The latest preliminary Philippine Statistics Authority (PSA) data on Wednesday, April 30, showed that the value of imported goods from China during the January-to-March period climbed 25.6 percent year-on-year to $8.93 billion—the largest among all import sources, and accounting for over a fourth of total first-quarter imports worth $31.98 billion.
The increase in Chinese imports during the first quarter was three times faster than the total import growth rate of 8.4 percent.
In March alone, imported products from China reached $3.1 billion, up by a faster 36.2 percent year-on-year, outpacing the month's 11.9-percent import growth.

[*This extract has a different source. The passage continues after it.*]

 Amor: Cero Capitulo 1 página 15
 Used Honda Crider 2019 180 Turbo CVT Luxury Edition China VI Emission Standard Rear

The second-largest import source in the first quarter was Japan, although with only $2.61 billion worth—much smaller than Chinese imports.
The end-March growth in imports from China was outpaced only by Australia's 26.6 percent, although the value of Australian imports into the Philippines during the first three months was just $776.71 million.
As a share of total first-quarter imports, products from China accounted for 27.9 percent, up from 24.1 percent a year ago.
Chinese imports held the only double-digit share among all foreign sources of merchandise sold to the Philippines.
The Philippines is a net importer of the goods it consumes.
The think tank Capital Economics earlier warned that net-importing countries like the Philippines should brace for a barrage of Chinese goods, as China seeks alternative markets to the US amid an intensifying trade war between the two economic giants.
In the first quarter, the country's trade-in-goods deficit—resulting from more imports than exports—widened to $12.71 billion from $11.26 billion a year ago. March's trade deficit ballooned by 23.1 percent year-on-year to $4.13 billion.
This persistent trade deficit puts pressure on the country's current account, or net dollar earnings from goods and services exports, whose deficit is projected by the Bangko Sentral ng Pilipinas (BSP) to further widen to $19.8 billion this year, equivalent to 3.9 percent of gross domestic product (GDP), from $17.5 billion last year.
The lingering current account deficit, in turn, puts depreciation pressure on the Philippine peso—even as the local currency has gained at least one percent against the US dollar since US President Donald Trump announced a tariff spree last April 2, his so-called "Liberation Day."
While deferred by 90 days, Philippine exports to the US are poised to be slapped with a 17-percent reciprocal tariff, prompting negotiations this week between Filipino and American trade and economic officials in Washington, D.C., in a bid to lower the levy.
Reciprocal tariffs would be imposed on trading partners with which the US has a trade deficit, and it does not help that Philippine exports to America grew 11.8 percent year-on-year to $3.22 billion in the first quarter—outpacing total export growth of 5.7 percent during the same period.
March exports to the US jumped by 12.8 percent year-on-year to $1.11 billion, making America the top destination for Philippine-made goods in the first three months.
The share of US-bound Philippine exports to total overseas sales during the three-month period also rose to 16.7 percent, from 15.8 percent a year ago.
In contrast, the Philippines' imports from the US in March slid 15.5 percent year-on-year to $605.11 million, allowing for a modest 1.3-percent first-quarter increase to $1.97 billion. The US ranked as the Philippines' fifth-biggest import source during the first three months, with a 6.1-percent share of the total.
Philippine exports to mainland China, meanwhile, dropped 9.8 percent year-on-year to $762.78 million in March, resulting in a 4.7-percent first-quarter decline to $2.07 billion.
China ranked as the fourth-largest export market for Philippine products in the first quarter, although Hong Kong, its special administrative region (SAR), received a larger $2.62 billion in exports from the Philippines during the same period—mostly semiconductors and electronics components.
While Philippine officials see manufacturing and export opportunities arising from the country's relatively lower reciprocal tariff compared to many of its Southeast Asian neighbors, Capital Economics said in an April 29 report that the Philippines would be unlikely to gain US market share.
"Demographics are much more favorable in the Philippines, but the country's unstable politics—it is rated as the least stable country in Southeast Asia—and its failure to make needed improvements to infrastructure and the broader business environment may mean that it struggles to capitalize on any opportunities," Capital Economics Asia-Pacific head Marcel Thieliant, senior Asia economist Gareth Leather, and chief Asia economist Mark Williams said in the report.